━━━ Raw data

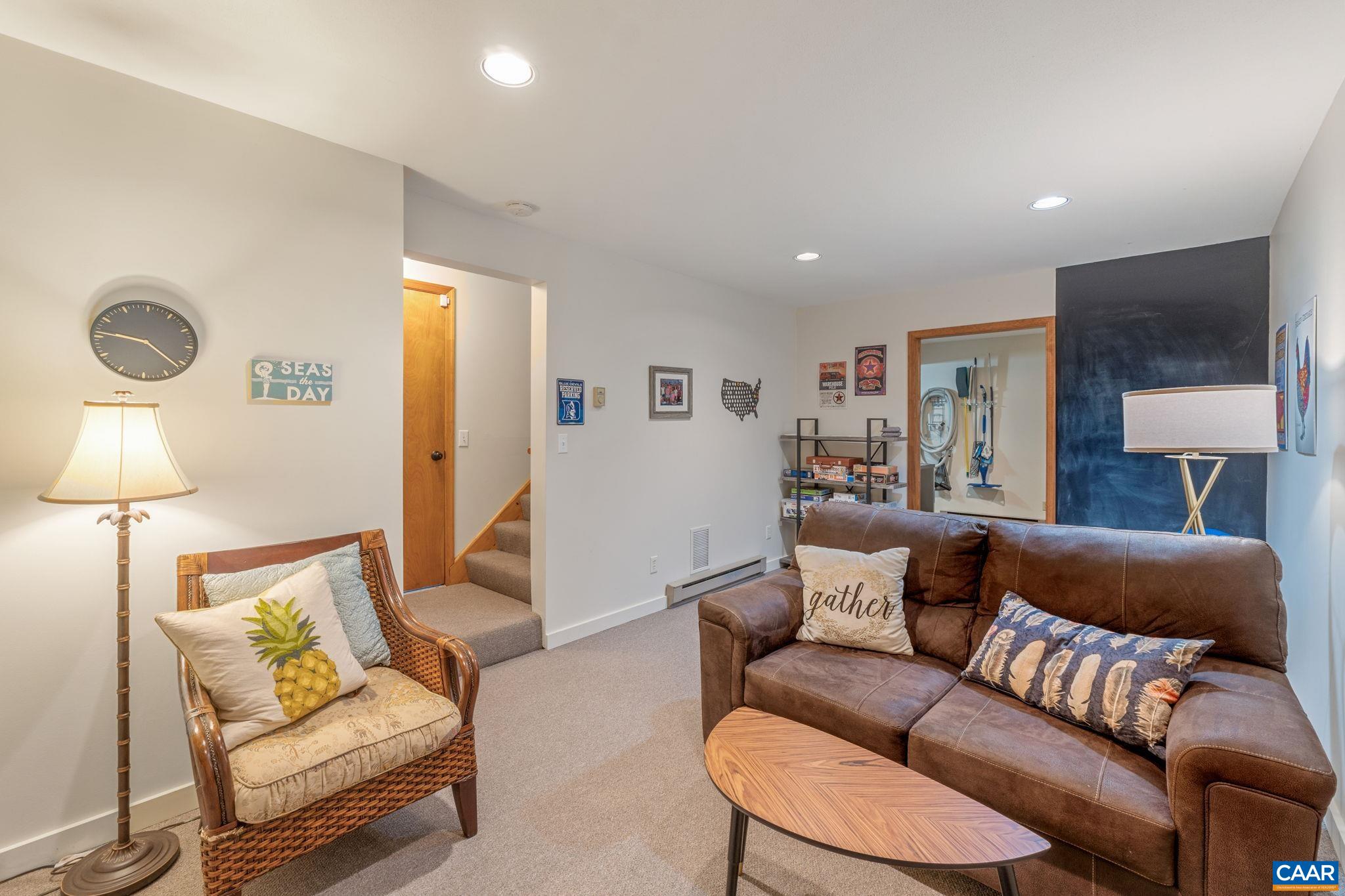1113 RAINTREE DR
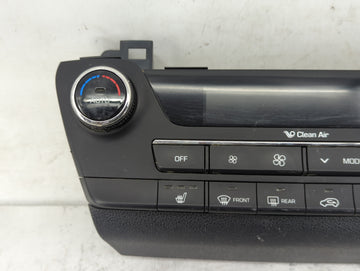 2016-2018 Hyundai Tucson Climate Control Module Temperature AC/Heater Replacement P/N:97250-D7XXX 97250-D3XXX Fits OEM Used Auto Parts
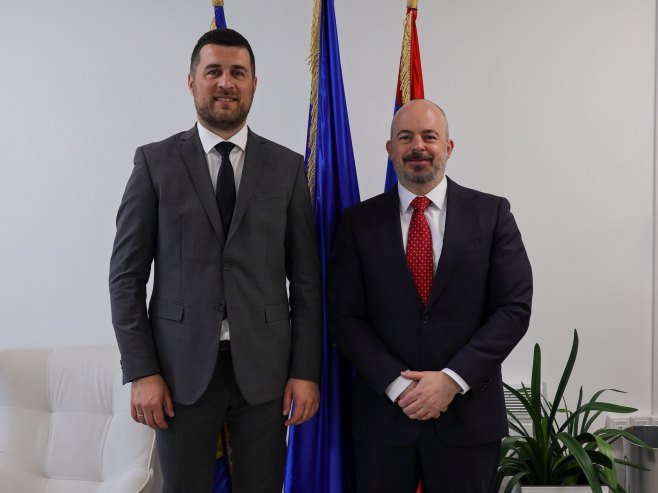 Кубатлија и Гинкел (фото: x.com/USEmbassySJJ) - 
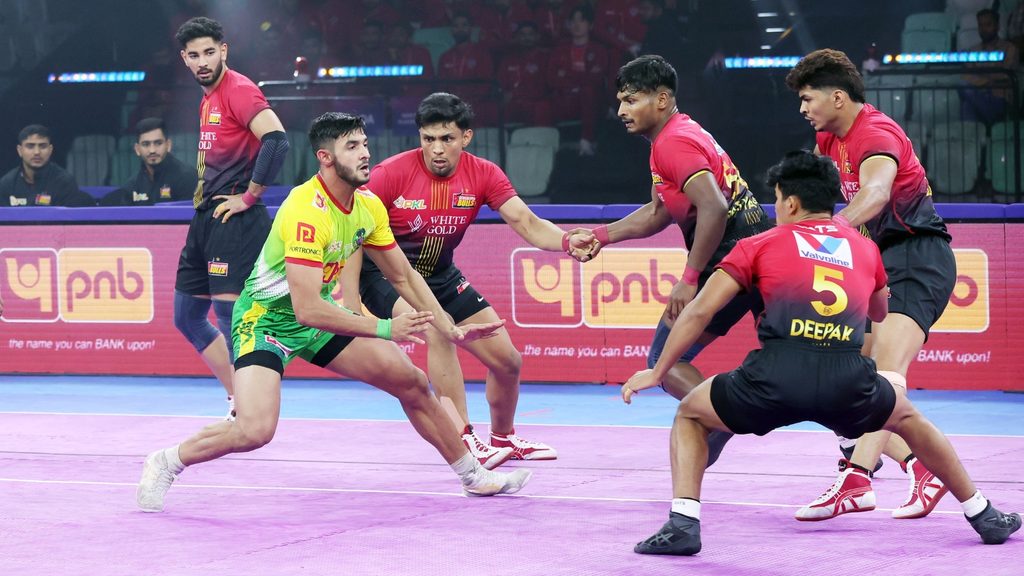 PKL Season 12 Eliminator 2 Preview: Patna Pirates vs Bengaluru Bulls – Unstoppable Ayan Faces Indomitable Bulls Defence   PKL Season 12 Eliminator 2 Preview: Patna Pirates vs Bengaluru Bulls – Unstoppable Ayan Faces Indomitable Bulls Defence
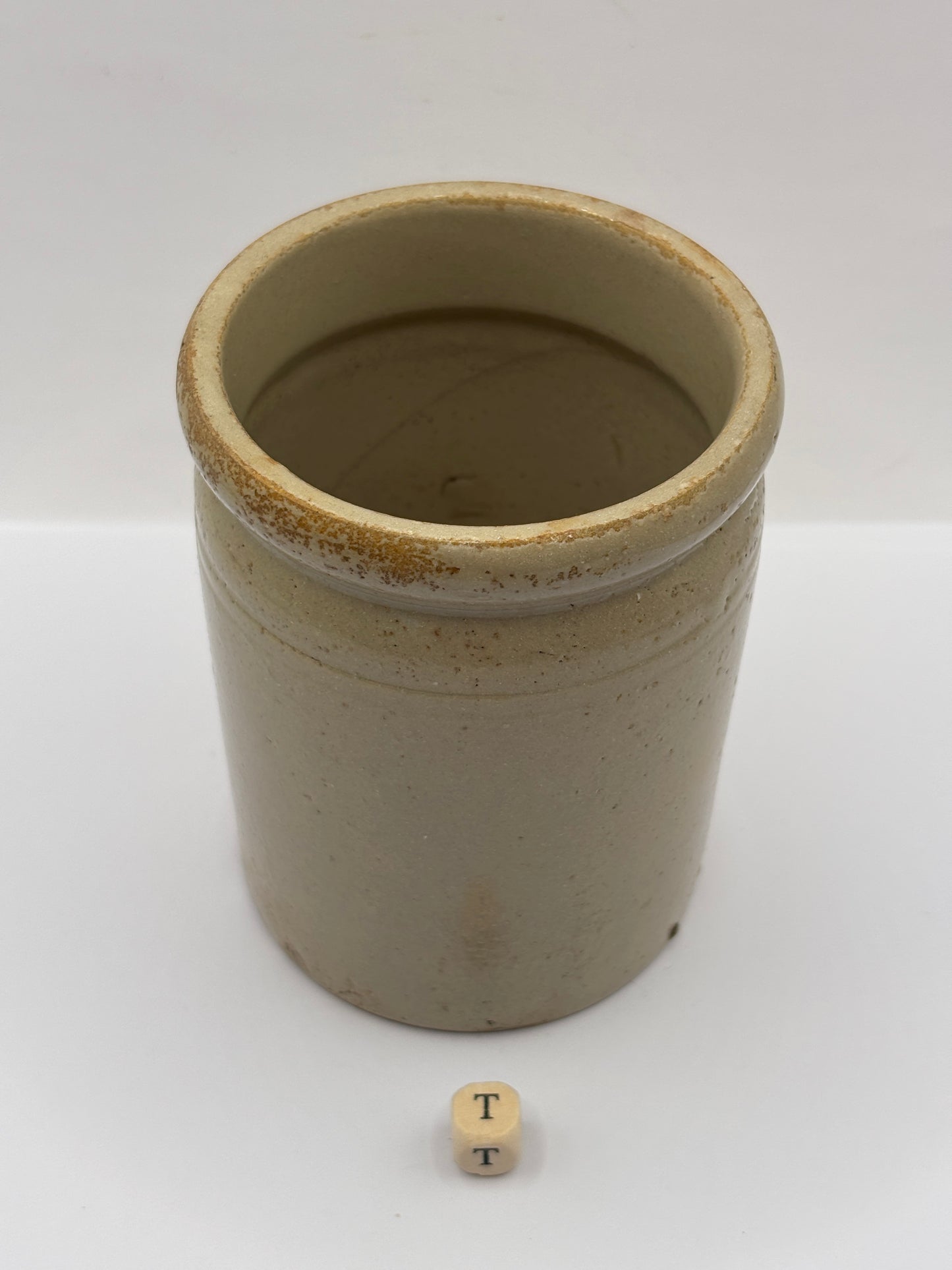 Old 1lb rolled top stoneware jam pot (T)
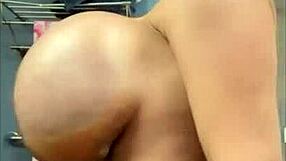 UFF mi amor! mariza lamb's BIG ASS and FAKE TITS pmv tease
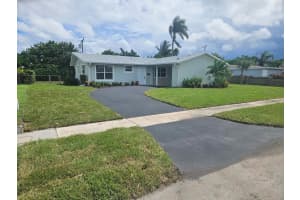 820 S Mangonia Circle, West Palm Beach, FL 33401 Sold 10/24/25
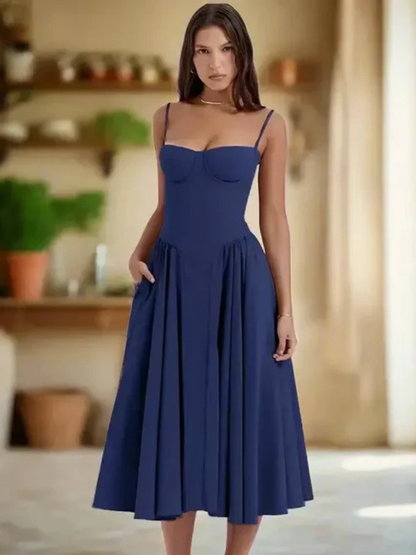 Damen elegantes Sommerkleid mit taillenformendem Schnitt für warme Tage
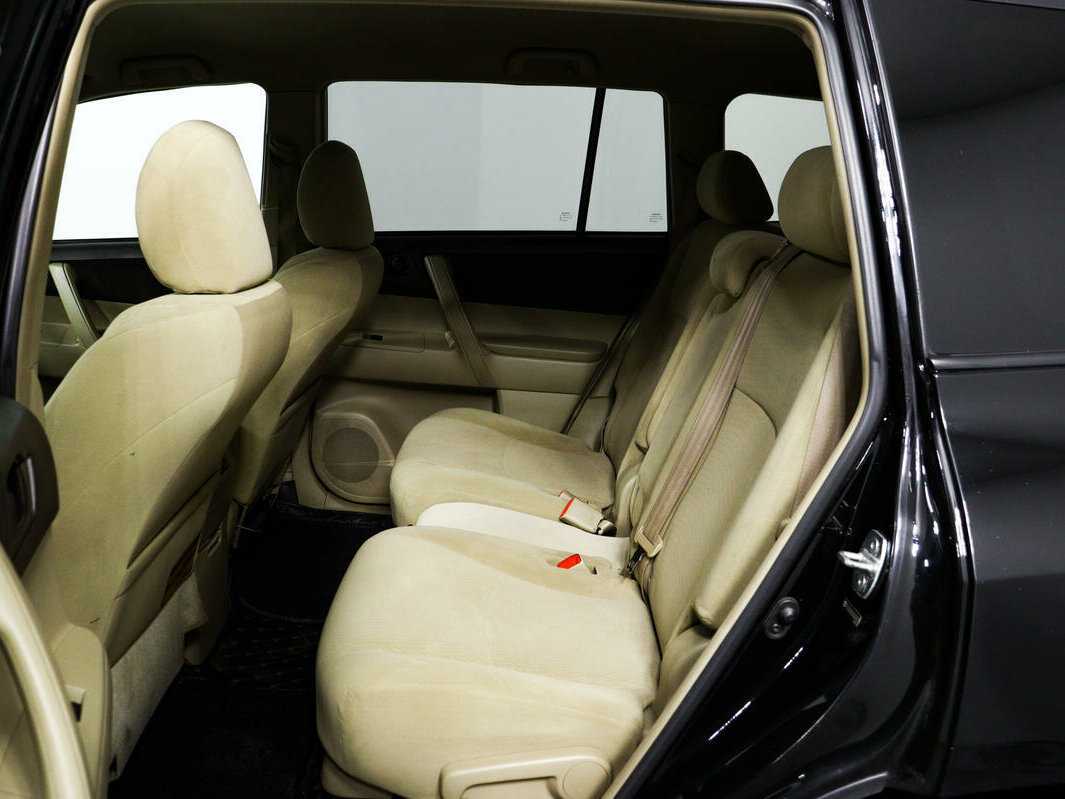 Toyota Highlander с пробегом — 2010 год. Фото: #11
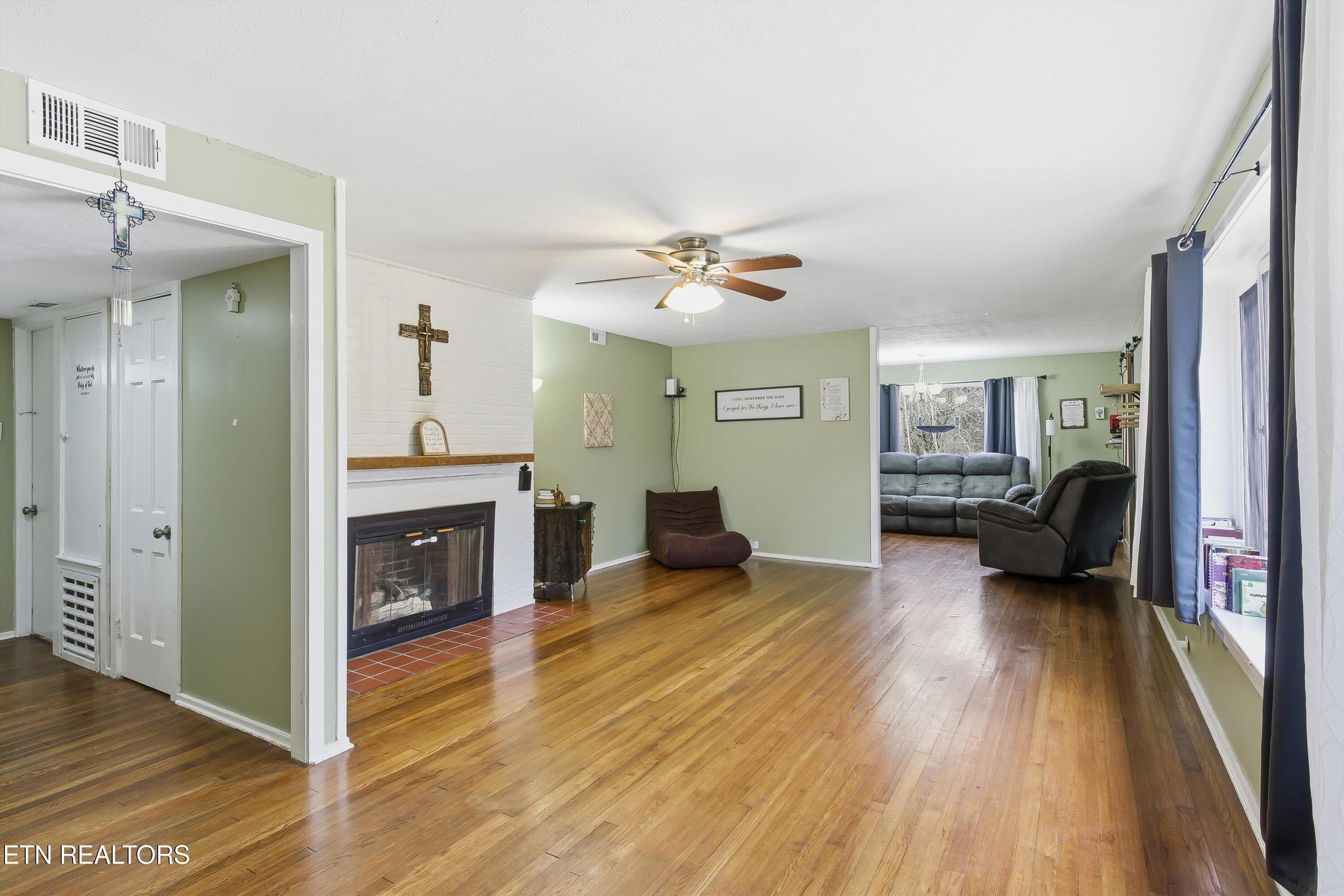 114 East Price Road Oak Ridge, TN 37830 - Photo 9 of 29 09-114 E Price Rd-9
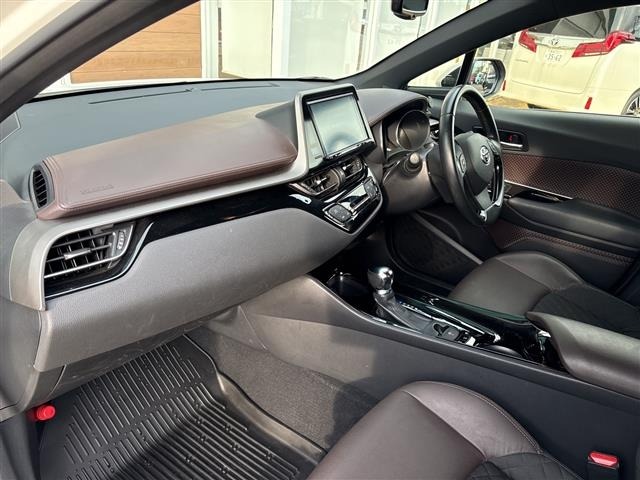 Toyota C-HR 2018 7987397-6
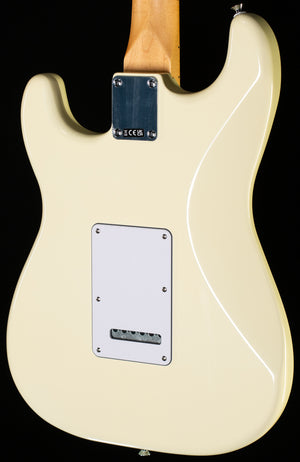 Fender Standard Stratocaster Maple Fingerboard White Pickguard, Olympic White (738)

━━━━━━

Required action: Exactness is what counts here: copy each entry as given and omit its pictures.

Answer to this exercise:
1113 RAINTREE DR
 2016-2018 Hyundai Tucson Climate Control Module Temperature AC/Heater Replacement P/N:97250-D7XXX 97250-D3XXX Fits OEM Used Auto Parts
 Кубатлија и Гинкел (фото: x.com/USEmbassySJJ) - 
 PKL Season 12 Eliminator 2 Preview: Patna Pirates vs Bengaluru Bulls – Unstoppable Ayan Faces Indomitable Bulls Defence   PKL Season 12 Eliminator 2 Preview: Patna Pirates vs Bengaluru Bulls – Unstoppable Ayan Faces Indomitable Bulls Defence
 Old 1lb rolled top stoneware jam pot (T)
 UFF mi amor! mariza lamb's BIG ASS and FAKE TITS pmv tease
 820 S Mangonia Circle, West Palm Beach, FL 33401 Sold 10/24/25
 Damen elegantes Sommerkleid mit taillenformendem Schnitt für warme Tage
 Toyota Highlander с пробегом — 2010 год. Фото: #11
 114 East Price Road Oak Ridge, TN 37830 - Photo 9 of 29 09-114 E Price Rd-9
 Toyota C-HR 2018 7987397-6
 Fender Standard Stratocaster Maple Fingerboard White Pickguard, Olympic White (738)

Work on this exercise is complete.